It's a tool to drive home the value of facilities to both parties and to separate customers from moochers. Which is good for both the store and the customers. Remember, only one party needs to have a token so if your friend is a moocher, they just tag along with you the customer. If you're happy with that. It's actually good for you socially if you're a customer.


The value of the tables is also for the store and not just for the customer. Having people playing games in your store is good publicity for both the store and the games it sells. Having people spending more time in the store playing games leads to more impulse buys from those people as well. Having free tables on the store is an added incentive for people to buy from your store instead of online.

As soon as you start tying the use of facilities to purchases you put pressure on your customers and you start losing customers as a consequence.


I'm really not that convinced. As a customer, I know I would have tokens to use the facilities. And if I hadn't bought anything for a while I would honestly have no problem paying the cost of a pub drink for several hours use of nice facilities. I'm really not feeling pressure. Speaking as someone raised in Britain, I actually feel a great deal more uncomfortable pressure from social obligation and uncertainty than I would from being asked to pay.

I note there's quite a divide based on the flags by people's usernames. Generally, the British like to know how much something costs and be clear and above board about any transactions. I don't like to enter a wibbly-wobbly world of social obligations. If the table is worth £2 for a session of four hours, then I'll cheerfully pay that. If I just walk in and sit down I do not want the shopkeeper hovering around with the expectation I'm going to buy something. If I have bought something, then I want a token to show that I have fulfilled my part of the deal. I do not want people thinking I'm just mooching or taking the piss. Likewise, I do not want to feel like I might be.

If something has a value, tell me how much it is and I will choose whether or not I wish to pay that. Don't put me in some vague tip-toeing dance with a shop-keeper where nothing is clear and social obligations are a big ill-defined mess.

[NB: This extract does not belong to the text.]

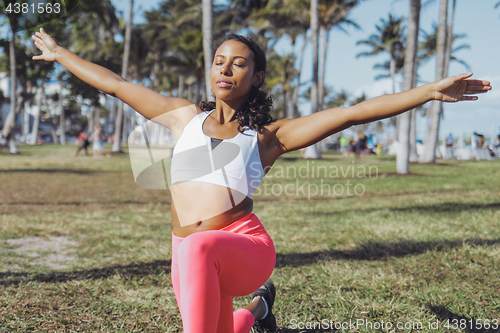 Image of Relaxed black woman doing exercise in park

GW Stores in UK now pay to play? @ 2013/12/02 13:15:04


Post by: Sidstyler


If I have bought something, then I want a token to show that I have fulfilled my part of the deal. I do not want people thinking I'm just mooching or taking the piss.


We usually call that a receipt, here.


GW Stores in UK now pay to play? @ 2013/12/02 15:13:47


Post by: PhantomViper


knas ser wrote:

I'm really not that convinced. As a customer, I know I would have tokens to use the facilities. And if I hadn't bought anything for a while I would honestly have no problem paying the cost of a pub drink for several hours use of nice facilities. I'm really not feeling pressure. Speaking as someone raised in Britain, I actually feel a great deal more uncomfortable pressure from social obligation and uncertainty than I would from being asked to pay.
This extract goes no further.